Automating pre-processing tasks

The most time spent in executing a Zonation planning project is typically spent in preparing and pre-processing input data. This is because the complex interplay between setting of the high-level objectives, identifying the factors relevant for addressing these objectives and the actual data available for doing so. This process is almost inevitably iterative in nature with the different pre-processing steps being repeated with varying frequency. Taking the more long-term perspective that is necessary especially for operative planning, the prioritization analyses will typically have to be repeated at given intervals because objectives might change, data get updated and so on. Therefore, it is often a good idea to automate the pre-processing tasks as much as possible given the resources available for a project. As many of the pre-processing tasks involve manipulating geospatial data in different ways, the exact way of implementing automation depends on the tools you are using for that manipulation. Below we quickly describe two approaches that we have used. While other software than those listed here exist, these examples should broadly cover the most typical uses.

Automation using a GIS. Using a GIS software, such as ArcGIS1 and QGIS2, is probably the most common way of pre-processing any kind of spatial data. Doing things manually is certainly feasible if you have to do it once or twice, but manual approach gets quickly unwieldy if the tasks have to be repeated several times or if there are thousands of layers to begin with. Using automation tools built-in to the software may thus be a good choice. For example, ArcGIS (version 10.2.1 at the time of writing) has an integrated facility called model-builder which lets you chain individual tools together using a graphical user interface. These chains, or models, can later be repeated relatively easily and applied to different data and possibly using different parameters.

Automation using a programming language. The functionality of many GIS software packages can also be controlled programmatically using a high-level language such as Python (Python Development Team, 2014). Furthermore, many programming languages have bindings to popular open source geospatial libraries such as GDAL (GDAL Development Team, 2014) that can be leveraged to do the heavy lifting. The programming approach usually gives you more intricate and flexible control over the tools, but it also requires more know-how from the team responsible for implementation.

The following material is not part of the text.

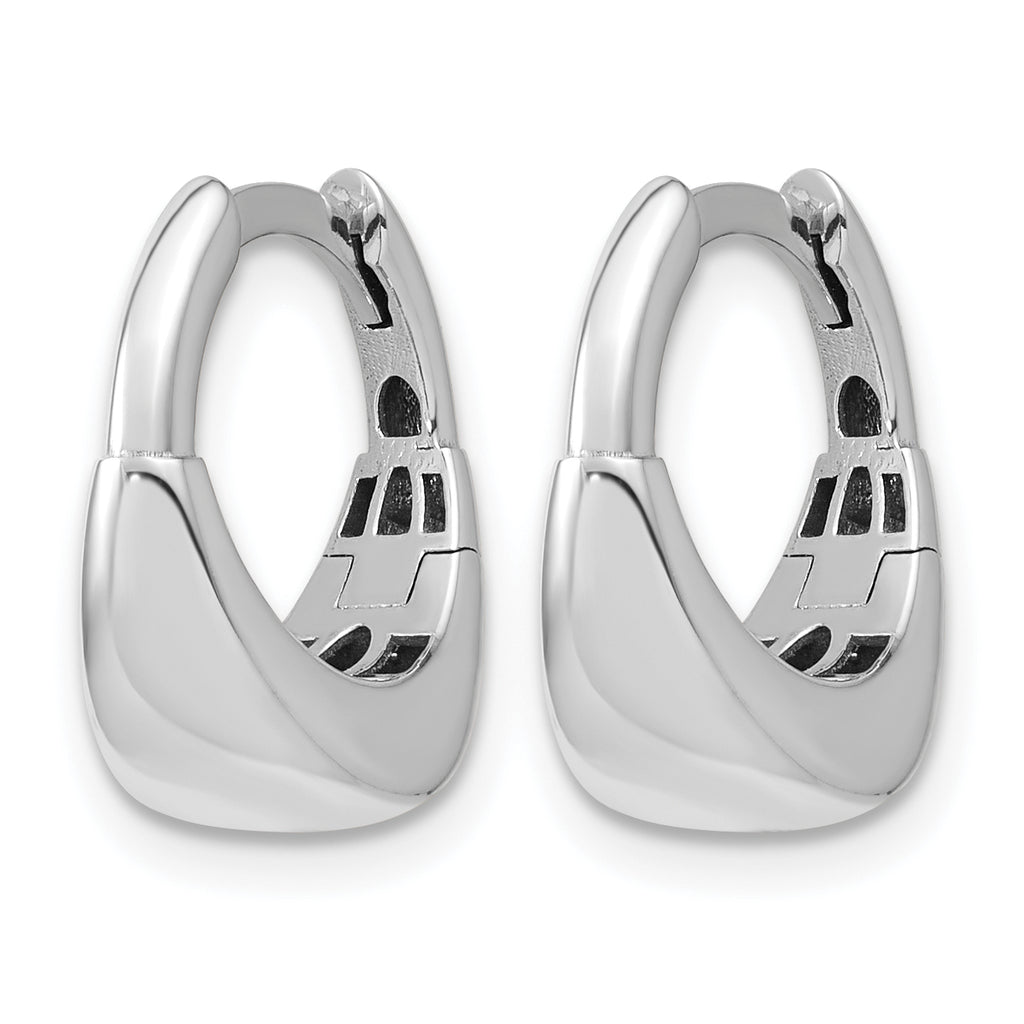 10K White Gold Polished Hoop Earrings, 6.5mm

Automation does not, however, come without a cost. Developing automated pre-processing toolchains can require significant amounts of expertise and time from the project team. Furthermore, if the tools are to be used in the future they require active maintenance which again requires dedicated resources. Besides time saved on repeating the pre-processing tasks, having automated toolchains has more advantages as well. An important, but often overlooked feature of having automated toolchains (such as model-builder models or scripts) is that they provide detailed documentation about what was actually done to the data before it was fed into Zonation. This may sound like trivial, but doing things manually rarely leaves a trace about what was done and unfortunately people often do not document what they did. Notice also that automation is not restricted to pre-processing of data; as we show later, many aspects of running Zonation and post-processing of results can also be automated.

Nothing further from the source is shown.